Saturday, August 22, 2015

Modern CTO stamps: not stamps at all?

Sometimes a simple used stamp can raise a lot of questions.
The stamp in question is actually a souvenir sheet: Scott 5879, issued for the Stamp World London exhibition in 1990. It’s obviously cancelled-to-order (CTO), with the impossibly crisp postmark reading simply MOSKVA – POCHTAMT that is never seen on any normal piece of mail and probably isn’t a real postmark to begin with.


CTO stamps have been around for over a century, and for almost a century in Russia, with CTO stamps making an appearance in the early 1920s. Originally, existing postmarks were used to cancel stamps in sheets, but around 1930 we see special postmarks pressed into service, often (but not always) inscribed “D.K.” which is presumed to stand for “For collectors”. However, these are cancelling devices applied to sheets of the same stamps that were available in post office.

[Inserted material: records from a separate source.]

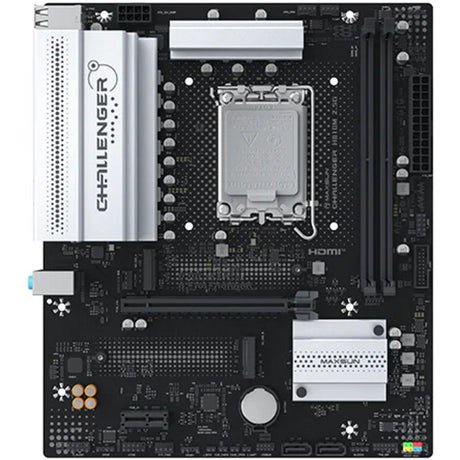 Maxsun MS-Challenger H810M 2.5G Sockel 1851 Mainboard (schwarz, 2,5 GB-LAN, Sound, µATX)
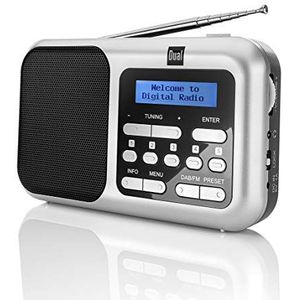 Dual DAB 4.2 Tafelradio DAB+, DAB, FM DAB+, FM Zilver (DAB+, VHF), Radio, Zilver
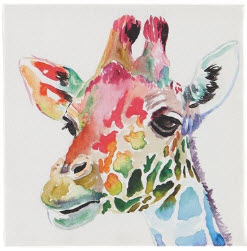 Ashley Giraffe Wall Art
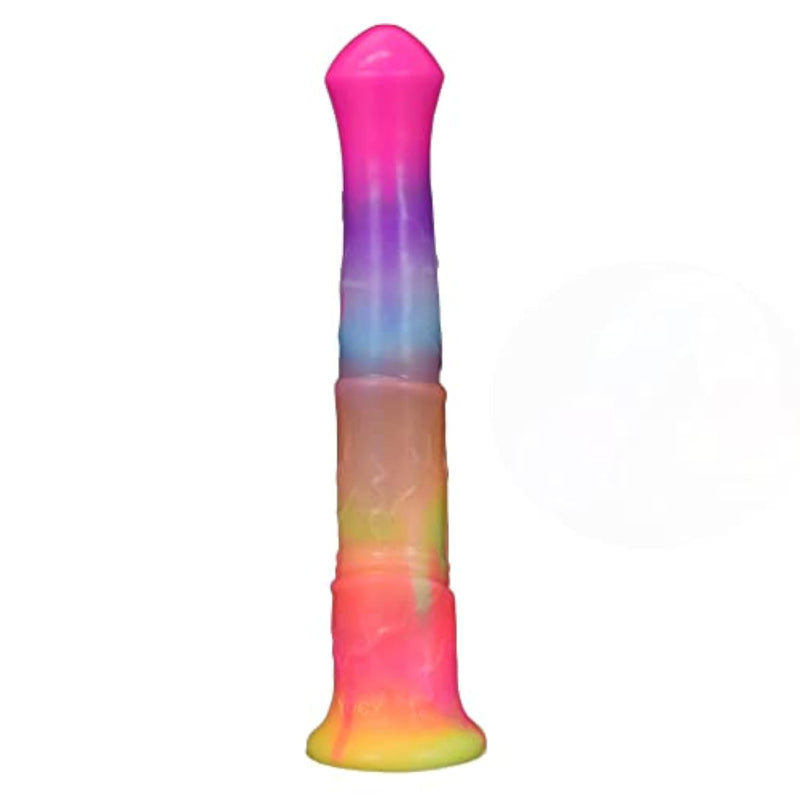Luminous Large Horse Penis, Anal Plug Slim Tall Dildo, Flexible Rubber Dildo Woman Adult Sex Toy Glowing Glow In The Dark 11 Inch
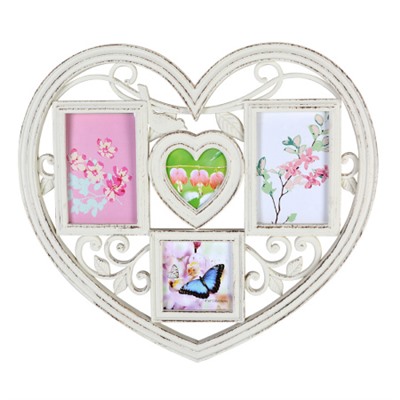 Фоторамка коллаж Сердце 41х44 см / YJ85 /уп 32/с эффектом старины 4 фото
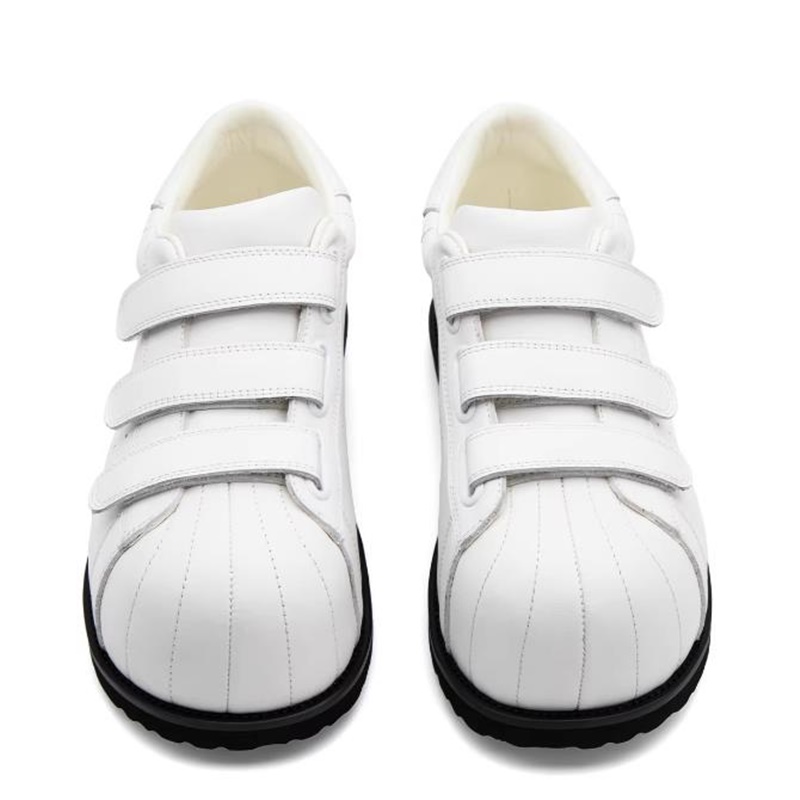 Vollständig aus Leder gefertig – Men Shoes Velcro Bewertung und Preis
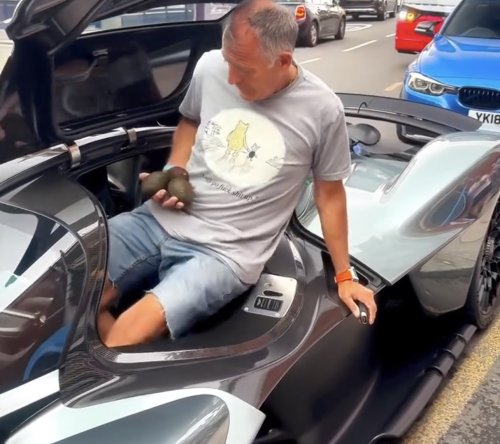 The Real Story Behind a $3 Million Aston Martin Valkyrie Doing a Grocery Run in London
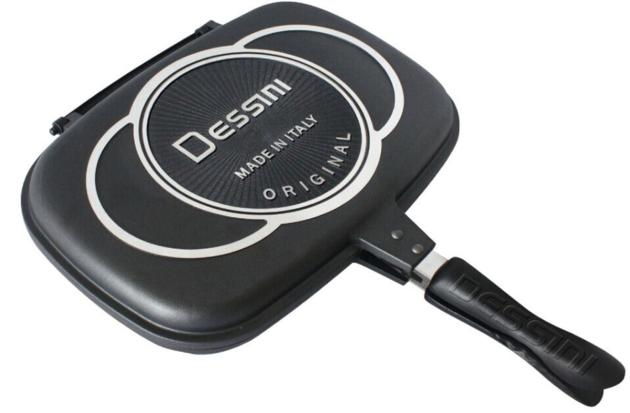 Dessini 36CM double frying pan double grill pan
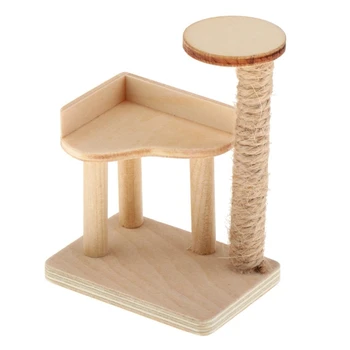 1:12 Dollhouse Pet Kedi Ağacı Kulesi Oyuncaklar Minyatürleri Mobilya Dekor İçin 1/12 Bebek Evi Mobilya Dekor Aksesuarları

In other words, they were valid postage stamps, cancelled to order after their printing was finished.

The souvenir sheet shown here betrays a quite different process. It’s a funny feature of printing processes that silver and gold inks have to be printed last, and this sheet has both silver and gold design elements. A quick look through a magnifying glass shows that these silver and gold elements are on top of the MOSKVA-POCHTAMT postmark. In other words, the “postmark” was printed onto the stamps before the stamps were even finished.

So what are these things? They’re not postage stamps that have been cancelled to order. They’re a kind of stamp facsimile, except instead of the word “facsimile” to distinguish them from real stamps they have this bogus “postmark”.


A case could be made that “CTO stamps” produced in this fashion are not postage stamps at all and should not be listed in self-respecting stamp catalogs.

You may think this is a subtle distinction, but mint sheets that are postmarked after their printing is finished were, at least for a brief time, valid postage stamps. These modern CTO things were never valid stamps.

Wednesday, May 13, 2015

Wish I never see this place again....Popov Island

The postcard below is clearly a souvenir. The franking makes no sense and the reverse is filled with a long message, with no addressee or destination, let alone further postmarks. So my best guess is that it was sent in an envelope as a souvenir postcard from a very, very sad place: Popov Island in Arkhangel'sk province.
If only it had gone through the mails! December 1918? Here's a closer look at the postmark:

Popov Island is still around although it seems to have changed its name a few times. It's close to Kem and for awhile it was home to one of the sadder places on earth: KemPerPunkt. KemPerPunkt was where you caught the ferry to the Solovetsky Islands, and if you caught that ferry after 1920 or so, chances were that you never came back, for the Solovetsky islands were home to one of the earliest and nastiest bits in the Gulag archipelago: the Solovetsky Camp of Special Purpose or SLON to use the Russian acronym (which also means "elephant" oddly enough).

But all that was still a few years in the future when this postmark was struck on a souvenir postcard...

Saturday, January 17, 2015

Avtozavod

I recently became the delighted owner of a collection of Avtozavod postmarks. Avtozavod, I hear you ask?
Ever heard of a Russian car make GAZ? It stands for Gorkovskii Avtomobil'nyi Zavod or Gorky Car Plant, an absolutely giant car manufacturing and assembly plant in the city of Gorky. When it was built (in 1930-1931) the city was still called Nizhnii-Novgorod and the factory complex (complete with housing for - eventually - 60,000 people) was built on the site of a village called Monastyrka.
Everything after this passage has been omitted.